**EXERCISE**
Quote exactly the lines from the one with "Косметологическое кресло кушетка" to the end of the data, both included; omit the pictures.

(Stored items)
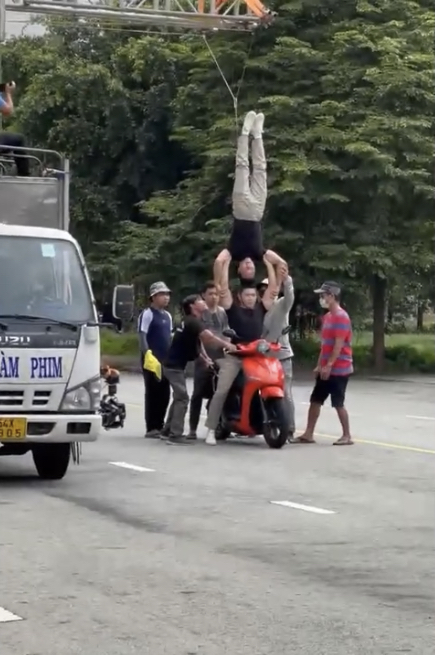 Vu Quoc Co - Quoc Nghiep chay xe may quay video quang cao: Nhieu cong ty tham gia-Hinh-2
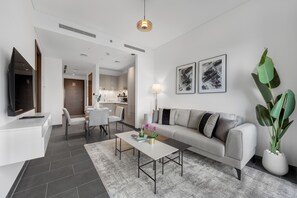 Deluxe-Apartment, 1 Schlafzimmer, Balkon, Stadtblick | Wohnzimmer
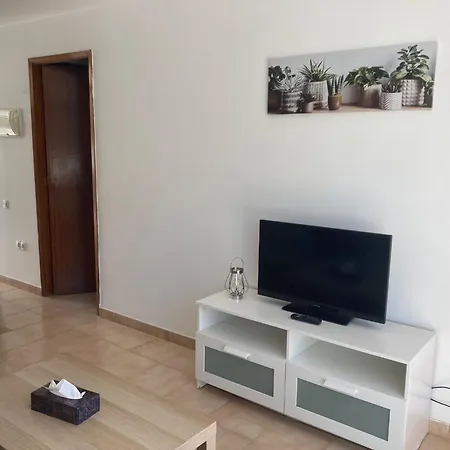 Tirma Red Apartment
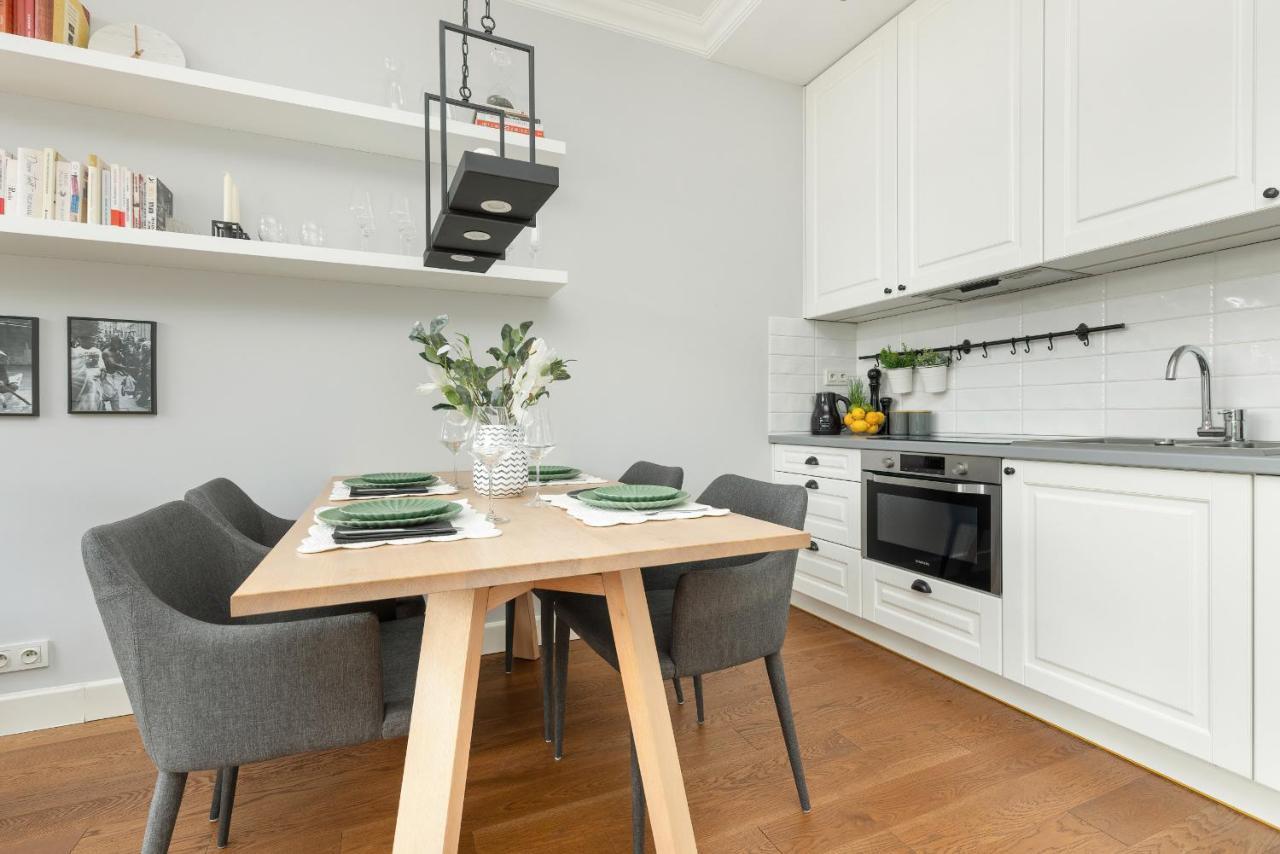 Cozy Apartment Gieysztora Wilanow By Noclegi Renters Warsaw Exterior photo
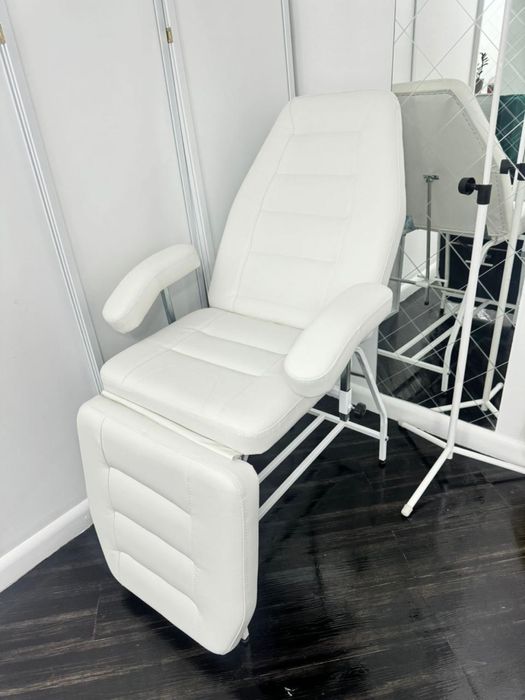 Косметологическое кресло кушетка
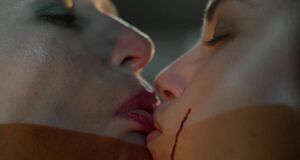 Порно сцена Катажины Херман с русалкой Михалиной Ольшанской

**TASK SOLUTION**
 Косметологическое кресло кушетка
 Порно сцена Катажины Херман с русалкой Михалиной Ольшанской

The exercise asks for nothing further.